I got invited to a Bridal Shower, a Baby Shower, and a 28th Birthday all happening within those two days. I don't think I got to sleep well because they were all happening some hours apart. However, I enjoyed a lot! Plus, I think there was some kind of a reminder why those events happened on that particular weekend in that particular order-- marry, give birth, and celebrate the birth. Lol. But there really is another reason.

Since I am turning 28 in a few months, you can expect the typical question from the people around you when you're single and nearing your 30s. What question? Well... 

"When are you getting married???"

Honestly speaking, I used to live with the idea that by 28, I would be married. That was my ideal. Lo and behold! I changed my mind. Haha! I know that marriage requires GREAT responsibility and commitment, and that you should be really, and I mean really ready for it. I've always known and accepted that fact. Easy. But for some reason, as I got closer to my "target age" of 28, I realised, "Wait, wait, wait! Hold on! I'm not yet ready!"

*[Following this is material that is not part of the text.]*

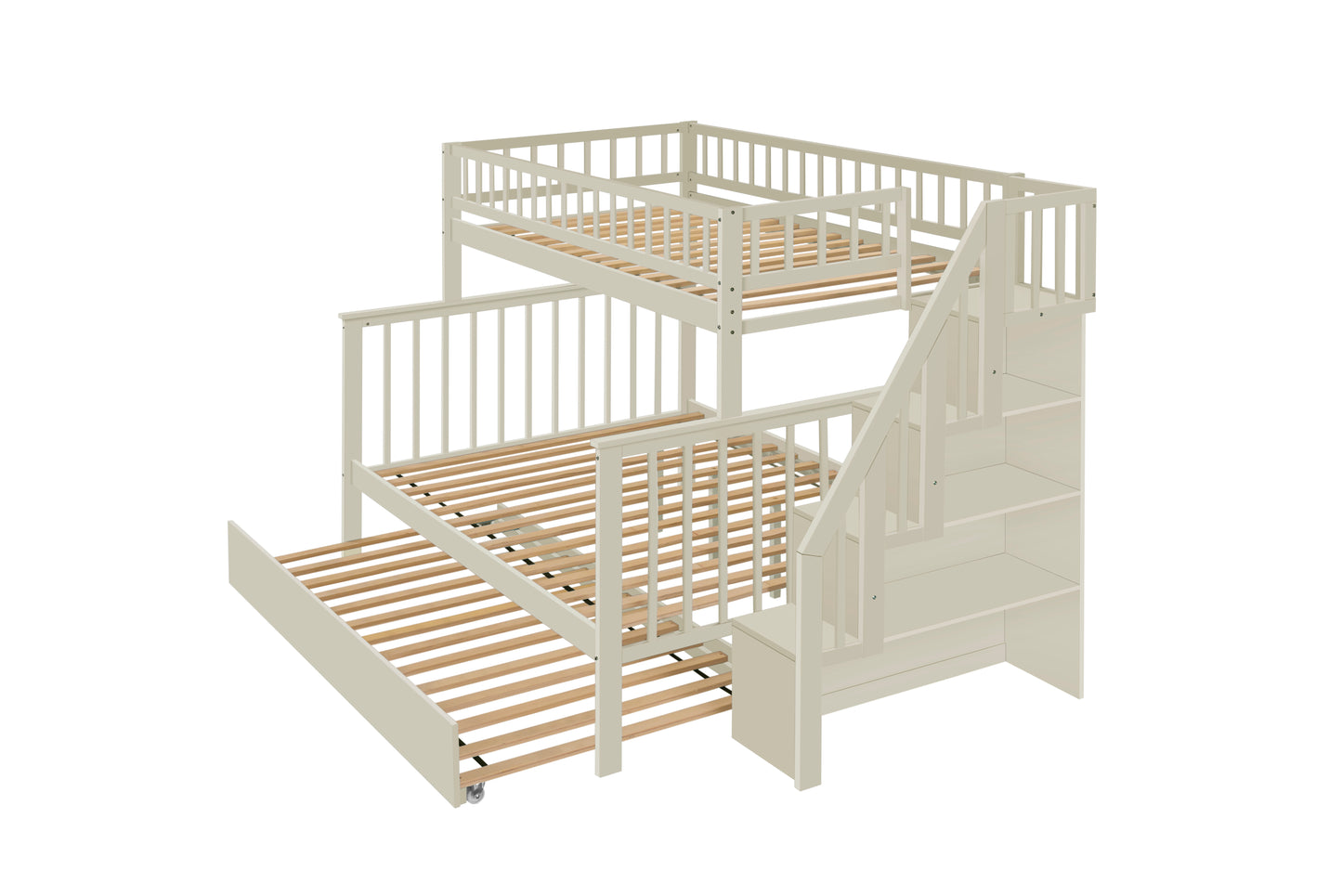 Twin Over Full Stairway Bunk Bed With Trundle,Cream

So, let's start off with the Bridal Shower of my good friend, Rei. I am truly happy for her because I know that she and her future hubby are a great couple. They've been together for years, and they have been preparing for this. I am so excited for them! I know that they will have a great marriage!



Of course, you get those little signs that you get to hold for photos, and they kept giving me the one that said "I'm the Next Bride to Be". I looked at them and I was like, "Oh no. Is this one of those pressure questions again?" Jokes aside, they sincerely reminded me that I should enjoy life as it is right now--which by the way, what I've been doing. But I think they were trying to reassure me that they were not one of those people who would pressure those almost hitting their 30s. And yes, I do know that we all have different journeys. So to Rei, congratulations on your new journey!!! I am so happy you guys ended up together because you look like a really happy couple!

Then me and my friend Uber'd it home. Usually, our Uber drivers are quiet. But this one just suddenly opened up about his fear regarding his daughter and the current reality of relationships. 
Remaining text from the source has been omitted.